Several of the defendants have also opposed the plaintiffs' motion on the ground that the information the plaintiffs seek to compel from Salomon is irrelevant to the claims in this case. Their principal argument is that the plaintiffs have not established a nexus between any legal advice rendered by Salomon's attorneys which Northrop may have received through Salomon and any of the claims in this case. The nexus is absent, they contend, because there is no evidence of any pre-merger discussions between Northrop and the trustees about the factors the trustees should consider in determining whether the EIP should accept Northrop's tender offer. Although the argument is not without merit, and the absence of such a nexus might well preclude any such information from being presented to a jury at a trial of this matter, the broader scope of subjects deemed appropriate for discovery under the federal rules provides sufficient reason for the plaintiffs to have limited additional time to inquire regarding those matters. There is no question that Northrop and Salomon were principal participants in the transaction at issue here, and, given the complexity of the issues, the court cannot find that the information sought is not reasonably calculated to lead to the discovery of admissible evidence. A limitation of the time for completion of Mr. Varelas's deposition will serve to limit any unnecessary and irrelevant questioning.

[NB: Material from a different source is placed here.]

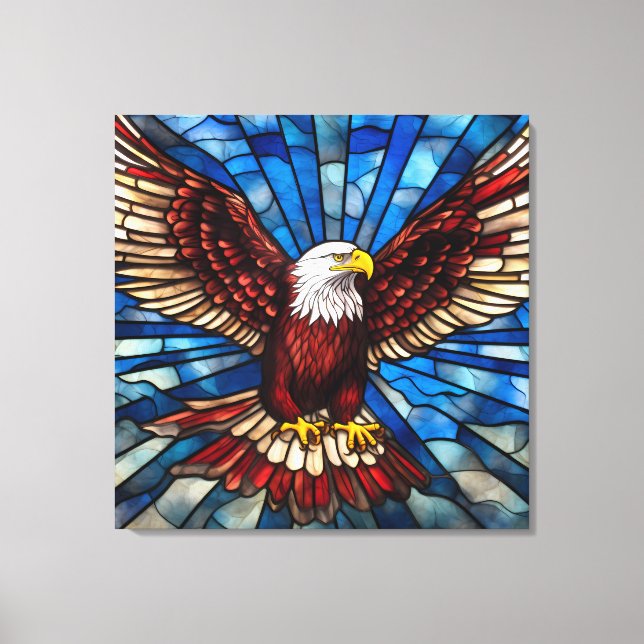 American Eagle Sublimation Canvas Print (Front)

For the foregoing reasons, the plaintiffs' motion to compel is granted and Mr. Varelas will appear for further deposition testimony concerning only those matters about which the plaintiffs were prohibited from pursuing by assertion of the attorney-client privilege. The questioning shall be limited to two hours by plaintiffs and such additional time as the defendants may wish to cross-examine. The deposition is to be completed by February 29, 1996.

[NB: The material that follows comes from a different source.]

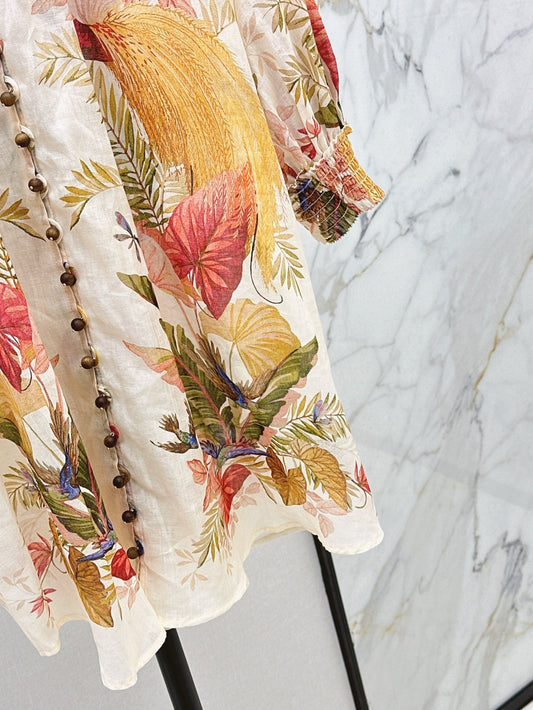 Zim* 25ss floral printed shirt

(1) Where legal advice of any kind is sought (2) from a professional legal advisor in his capacity as such, (3) the communications relating to that purpose, (4) made in confidence (5) by the client, (6) are at his instance permanently protected (7) from disclosure by himself or by the legal advisor, (8) except the protection be waived.In Re Grand Jury Subpoena Duces Tecum, 731 F.2d 1032, 1036 (2d Cir.1984). The communications from Salomon to Northrop fail to satisfy virtually every element of that definition except the last one.